The problem with Sundays is the inevitable slow march towards Monday. You can feel each moment sliding past like an adder at your ankles; dangerous, slimy, fickle. Hang the laundry to dry outside and already you are halfway through the day before you’ve even begun it (or so it feels). It always starts with such promise and then suddenly you find yourself deeply asleep on the couch while the sun beats down hot outside, too weary from the effort of trying to preserve each instant and enjoy it to stay awake any longer.

Today I find myself in just this position – prone, one arm flung across my forehead – when the Man walks in. I find myself shooting up through the black waters of sleep and am unexpectedly awake-but-not-awake. And in this tiny space – only a second, really, perhaps two – I find myself thinking how funny, or maybe how extraordinary, that there is another person who lives here (not just here in this house but here, in my life), who says as I sit up with my face creased and my eyes full of terror (the way I pop up like this reminds him of a meerkat, he sometimes tells me) not to worry.

Yesterday we did summer things. It was a sweet, slow day. We went to the farmer’s market and bought eggs, a free range chicken, vegetables, an old copy of an early P.G. Wodehouse novel. We sat in the shade drinking homemade elderflower cordial and snacking on lemon cakes. Later we did the thing which we often do on Saturdays – we have brunch (salad, sausages, flatbread, orange juice, coffee) and read the Saturday Guardian (I read aloud Tim Dowling’s column to him, he reads Lucy Mangen’s to me). Then we went out into the garden and picked cherries and watered the potatoes and sat in the grass and I tried to do the crossword but gave up on it. We ate brownies and raspberries in a pool of sunshine.

We brought the cherries to the pub and I had more homemade elderflower cordial, this time paired with champagne, because, well, why not? On the way home we stopped by Sylvesters and impulsively bought lavender and rosemary to plant in the garden, and some ropes with which to hang the hammock. I had half a nap on the couch and we heated up some pizza before going into town as darkness settled to listen to some music. At midnight we sat upon the hammock, the two of us, limbs folded, watching the star-drenched sky until some neighbors called us over, so we brought red wine and glasses and climbed the fence and met them for the first time, and a few hours later we were in bed with the heat of the day still palpable in the walls of the house.

From My Journal, 1st July 2010

Travellers

We have been, we are, travelling. We are in a state of travel. Dispossessed, half-asleep, gripped by other worlds (Moroccan spiced coffee, of which my bag now smells, and the distant Irish troubles of the 1920s, of which I have been reading), totally and utterly outside the moment and space we’re actually in.

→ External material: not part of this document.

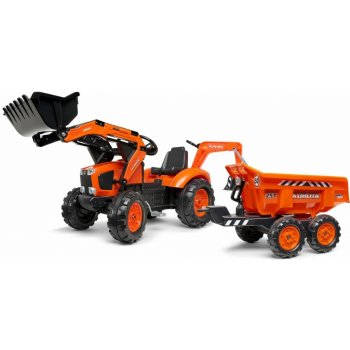 Falk šliapací traktor 2090W Kubota s prednou a zadnou lyžicou a prívesom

We are however capable of looking towards the future: what will we have for dinner? Probably Chinese, or else pizza – and someone will deliver it swiftly and practically wordlessly to our house, and we will not say shokran, nor will the man who delivers our dinner expect anything, or see any disparity (class, colour, religion) between us and him. Our street will seem miraculously wide and the drunks exceptionally loud and we will for awhile miss (or at least unconsciously feel the lack of) the five calls to prayer, particularly the one just before dawn. Perhaps we will wake then, each of us, silently, without even knowing the other, too, is conscious of the quiet hour. We will hear the yelp of bicycle wheels or the moan of an errant car alarm, and then, comforted by this intrusion of noise, we will sleep again, through the dawn, too late, wake bathed in hot light, angry, minds elsewhere.

There is no possibility of jet-lag (no time difference, not that I was ever even vaguely aware of the time as we traipsed through the medina), but we will pretend that we’re travel-weary and in doing so, convince ourselves that we are travel-weary and jet-lagged after all, and people will know how to interpret the haze in our eyes, for we will say, ‘Oh yes, we’ve been in Morocco’. I despair of how that will sound – arrogant, perhaps? Though we hardly mean for it to.

It’s just that the way time moves alarms me. On the way to the airport, we say glibly that it hardly seems a week could possibly have passed since we were on the way to the medina, and I’m reminded of a dream I had shortly before we left, in which we departed and then suddenly I found myself returning, thinking, ‘but that was so quick, and we hardly did anything we said we would!’

Everything, really, is a variation of that dream – how else did I arrive at the age of 23, when just yesterday I was 20, and travelling back from Fés with a newfound lover, making lists in the back of my notebook of the furniture I would have to buy in order to furnish my apartment in Boston when I got back in September; and crying at the ending of John Connolly’s The Book of Lost Things, when really I meant to cry at my predicament, at the seeming impossibility of being parted by an ocean (not to mention a thousand yards of red tape, a thousand pounds, a thousand moments of yearning and wishing and resenting) from my love. Three years ago? No, that was three minutes ago, or else three centuries ago. We live always on dream-time, moving through molasses, or being propelled at the speed of light through our own experiences.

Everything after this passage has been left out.